Amara no respondió, siguió cavando de espaldas a mí y se secó el sudor de la frente. Me giré un poco hacia ella y vigilé que ellos no nos prestaban atención, fumando cerca de la entrada con sus fusiles al hombro.

—¿Amara? —murmuré.

—Hice lo que tuve que hacer —dijo al fin, con el tono duro del que intenta ocultar su dolor—, por mi hermano.

Tardé un poco en comprenderlo, pero al fin llegó; inevitable, como el amanecer.

—Oh… Amara… —susurré apesadumbrada.

—Cállate —me gritó entre dientes—, no necesito tu compasión.

No dije nada, no había nada que pudiera decir para hacerla sentirse mejor. No era la primera mujer que se rendía ante ellos, ante sus pecados y su lascivia. El hambre era un enemigo cruel y ellos tenían comida, la comida que yo les preparaba, y que después arrojaban a los pies de las mujeres que se abrían de piernas para ellos. Sabías quienes eran, las oías volver royendo los huesos ya sin carne, chupándose los dedos y llorando. Sus mejillas coloradas y sus caderas rollizas eran como anuncios gritando: «Putas», entre los cuerpos consumidos de las demás.

—¿Y tu hermano qué dijo? —pregunté tras otro largo silencio.

Amara se rio con amargura y voz temblorosa.

—Se enfado —dijo—, me gritó y me pegó… pero se llevó la cuchilla.

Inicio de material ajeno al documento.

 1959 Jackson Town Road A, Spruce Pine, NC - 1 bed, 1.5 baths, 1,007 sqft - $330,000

Cerré los ojos notando una presión en el pecho. Sentía lástima por ella, pero también un gran alivio por no estar en su lugar. Sólo Dios sabía lo que hubiera hecho yo por mis hijos.

—El Señor te perdonará —le aseguré—, el Señor nos perdonará a todos.

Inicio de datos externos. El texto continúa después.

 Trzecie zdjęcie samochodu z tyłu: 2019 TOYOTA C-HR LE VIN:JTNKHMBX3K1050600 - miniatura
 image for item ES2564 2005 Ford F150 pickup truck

—Helen —murmuró ella—, si vuelves a decir algo así te pegaré, te daré tan fuerte que te pondré los dos ojos rectos.

Bajé la mirada, pero no dije nada.

—Dios ha muerto —añadió.

Abrí la boca, tan sorprendida que no podía respirar, y me llevé la mano a la cruz. No podía ni creer lo que había dicho.

—¡Amara! —exclamé horrorizada.

Ella se giró hacia mí, tenía los ojos enrojecidos y las mejillas surcadas de regueros claros.

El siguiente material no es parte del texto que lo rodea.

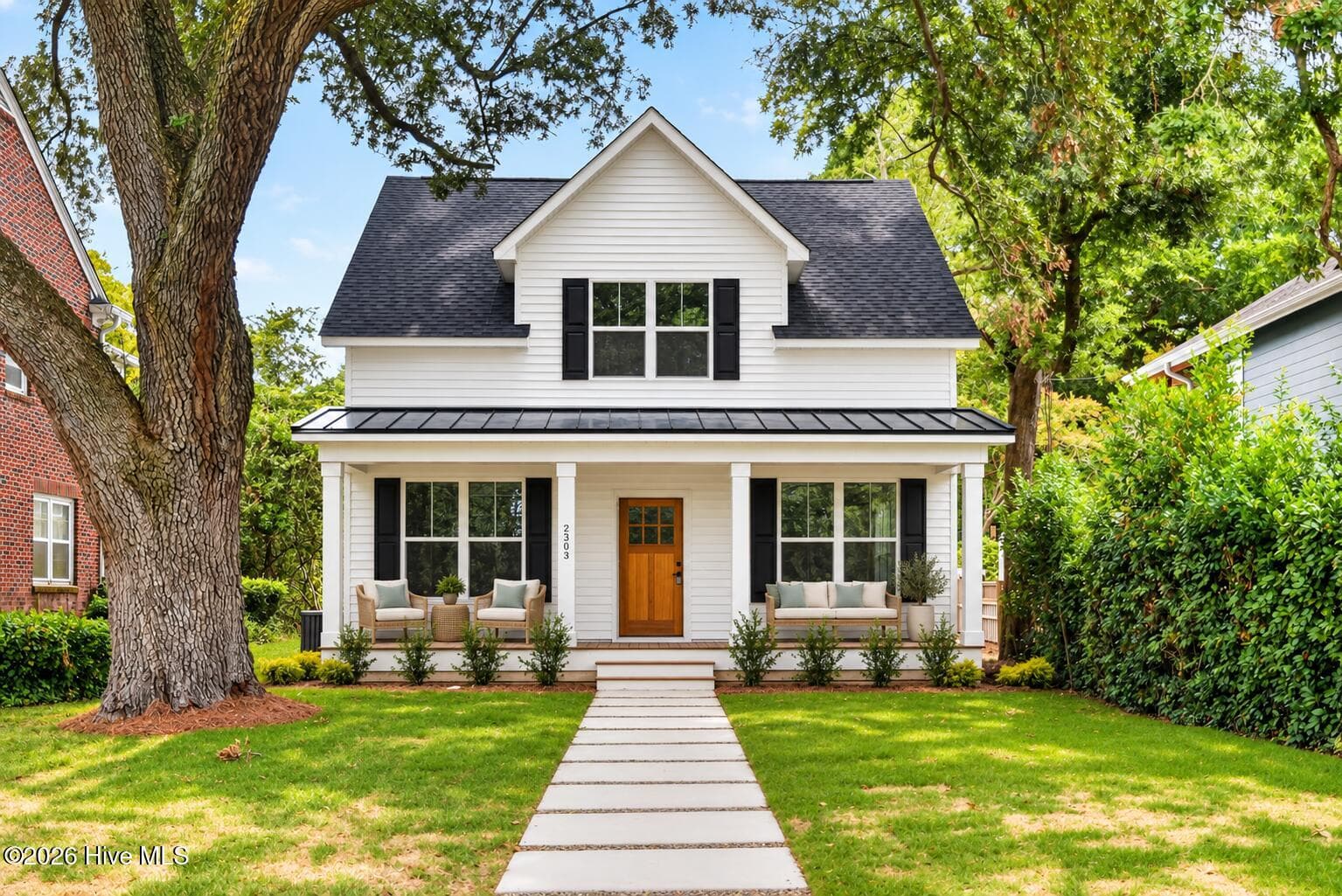 2303 Chestnut front porch virtual staging - 2303 Chestnut Street, Wilmington, NC 28405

—¿Qué Dios habría permitido que esto sucediera? —me preguntó entre dientes—. ¿Qué clase de Dios dejaría que esto sucediera?

—¡Vosotras! —nos interrumpió uno de ellos desde lejos—. ¡Cómo os vea volver a hablar vais directas a las extractoras!

Amara volvió a girarse y dio un par de pasos alejándose de mí. Estaba molesta con ella, con lo que había dicho y también algo sorprendida por lo que había hecho. Pero no me haría dudar de mi fe, no, jamás. No había dudado cuando el Señor había querido arrebatarme a todos los bebes que había dado a luz, no había dudado cuando mi marido había caído en las garras del virus en la guerra, ni cuando había vuelto transformado en un monstruo sediento de sangre.

Me limpié las lágrimas que me caían de los ojos.

No había dudado entonces y no dudaría ahora.